The U.S. government returned more than 270 pre-Columbian archaeological pieces to Mexico in an effort to recover and respect the country’s cultural heritage, according to a statement from the Mexican government on Tuesday.
The pieces were seized after two separate investigations by U.S. Immigration and Customs Enforcement’s (ICE) Homeland Security Investigations special agents, according to a statement from ICE. The Nogales mission began in October 2012, and the Phoenix case started in October 2013.
The first group of artifacts returned included pre-Hispanic archaeological pieces, the majority of which are made from stone, officials said.
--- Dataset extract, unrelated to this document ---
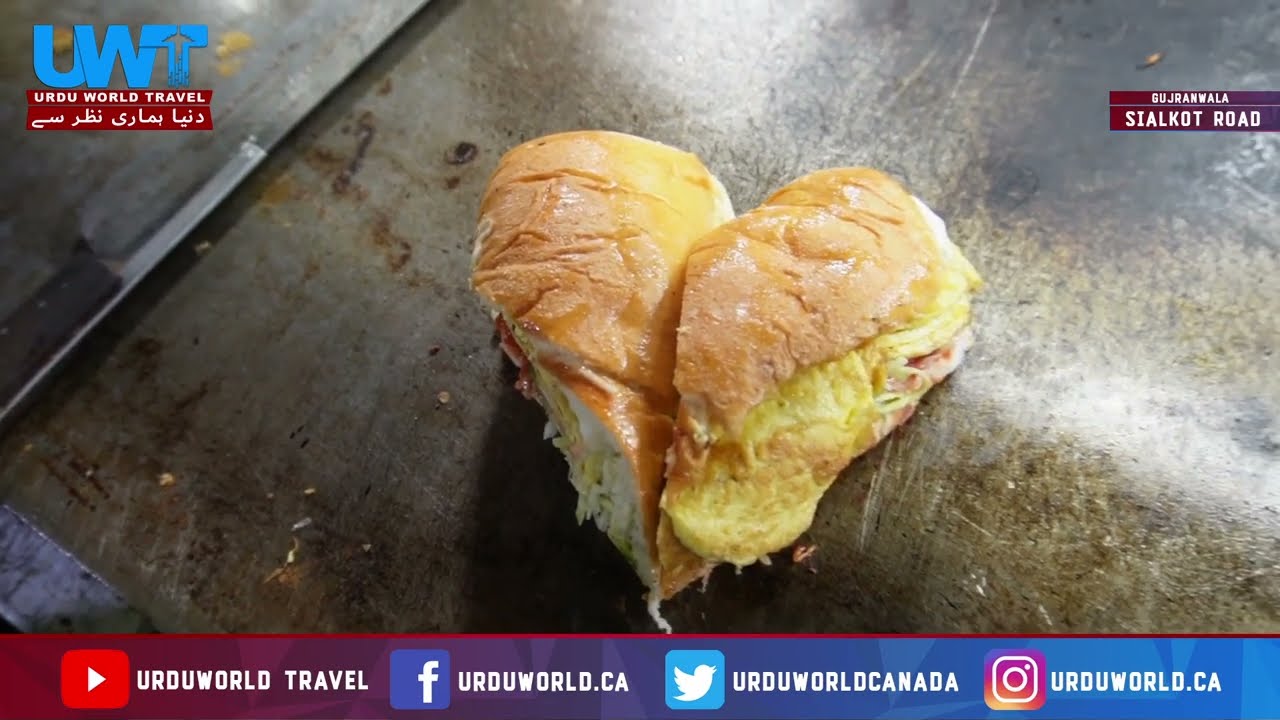 Famous Sheikh Egg Burger Gujranwala Pakistan || Gujranwala Food Tour 2025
The second group was comprised of 10 objects, the most notable of which are anthropomorphic ceramic figurines.
The Mexican government touted the repatriation as a coordinated effort by Mexico and the U.S.
“[The repatriation] is an example of the daily and coordinated work carried out by the institutions of the Mexican government and of the shared commitment with the United States government to recover, protect and respect the cultural, historical and archaeological heritage of our peoples,” Mexican Secretary of Culture Alejandra Frausto Guerrero said in a statement.
The artifacts were delivered to the National Institute of Anthropology and History in Mexico City to be catalogued, studied, safeguarded and publicized, according to Mexican officials.
The repatriation of the artifacts was in accordance with a treaty signed by the U.S. and Mexico 50 years ago to recover stolen archaeological and cultural antiques.
“50 years ago, our countries signed a collaboration treaty to recover stolen archaeological and cultural antiquities,” Laura Biedebach, the U.S. consul general in Nogales, said in a statement.
“This agreement has led us to work together closely to return property that has been taken illegally out of the country to which it belongs. Today that work has paid off and we can celebrate these actions,” she added.
Biedebach continued, “The Government of the United States will continue to collaborate with all agencies and across borders, in keeping with its commitment to stop the theft and trafficking of cultural heritage.”